Dual-stage matrix elimination-ICP-MS methodology for REEs profiling in barite-associated ores

Abstract

Background

The quantification of rare earth elements (REEs) in barite-associated geological samples is complicated by persistent matrix effects from coexisting elements and overlapping mass spectral interferences. These analytical challenges are particularly pronounced in samples containing high concentrations of light REEs (LREEs), which induce spectral overlaps on heavy REEs (HREEs) during inductively coupled plasma mass spectrometry (ICP-MS) measurements.

Results

A two-stage precipitation protocol achieved separation efficiencies exceeding 93.0 % for nine matrix elements (Ba, Na, Sr, etc.), while subsequent 717-type anionic resin chromatography enabled group separation of REEs.
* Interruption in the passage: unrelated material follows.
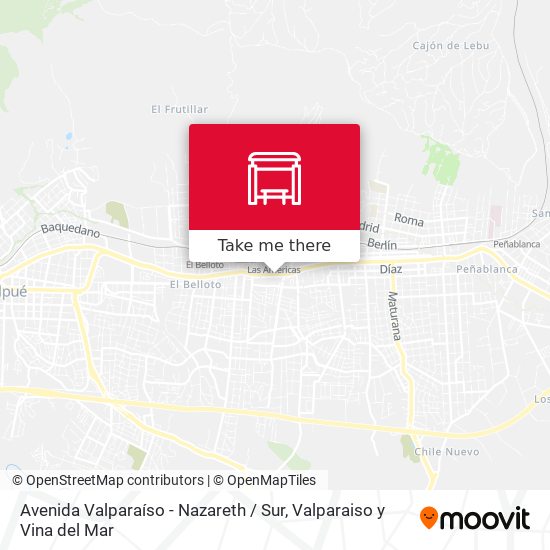 Avenida Valparaíso - Nazareth / Sur map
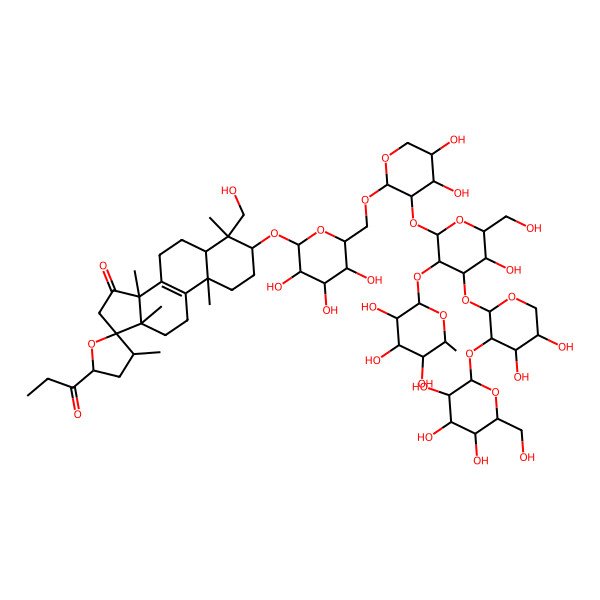2D Structure of (3S,3'R,4S,5R,5'S,10S,13S,14S,17S)-3-[(2R,3R,4S,5S,6R)-6-[[(2S,3R,4S,5S)-3-[(2S,3R,4S,5R,6R)-4-[(2S,3R,4S,5S)-4,5-dihydroxy-3-[(2S,3R,4S,5S,6R)-3,4,5-trihydroxy-6-(hydroxymethyl)oxan-2-yl]oxyoxan-2-yl]oxy-5-hydroxy-6-(hydroxymethyl)-3-[(2S,3R,4R,5R,6S)-3,4,5-trihydroxy-6-methyloxan-2-yl]oxyoxan-2-yl]oxy-4,5-dihydroxyoxan-2-yl]oxymethyl]-3,4,5-trihydroxyoxan-2-yl]oxy-4-(hydroxymethyl)-3',4,10,13,14-pentamethyl-5'-propanoylspiro[2,3,5,6,7,11,12,16-octahydro-1H-cyclopenta[a]phenanthrene-17,2'-oxolane]-15-one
Sequential elution with methanol-nitric acid (3.40 mol/L, 7:3 v/v) and 0.20 mol/L nitric acid solutions yielded distinct recovery profiles: HREEs (Eu–Lu) showed >90.0 % recovery in the first elution phase, followed by quantitative isolation of LREEs (La, Ce, Pr) in the second phase. The method was verified by using certified reference materials (GBW07892, GBW07893), and the determination results were consistent with the certified values. The application to three natural barite-associated REE ores was also realized.

Significance

This methodology resolves critical limitations in REE analysis through matrix element elimination and controlled LREE/HREE fractionation. The demonstrated 90.2–106.9 % recovery range across all REEs confirms operational robustness, while successful implementation in certified materials and field samples establishes reliability for geochemical characterization. The elution sequence optimization provides a template for analyzing REEs in barite-associated ores.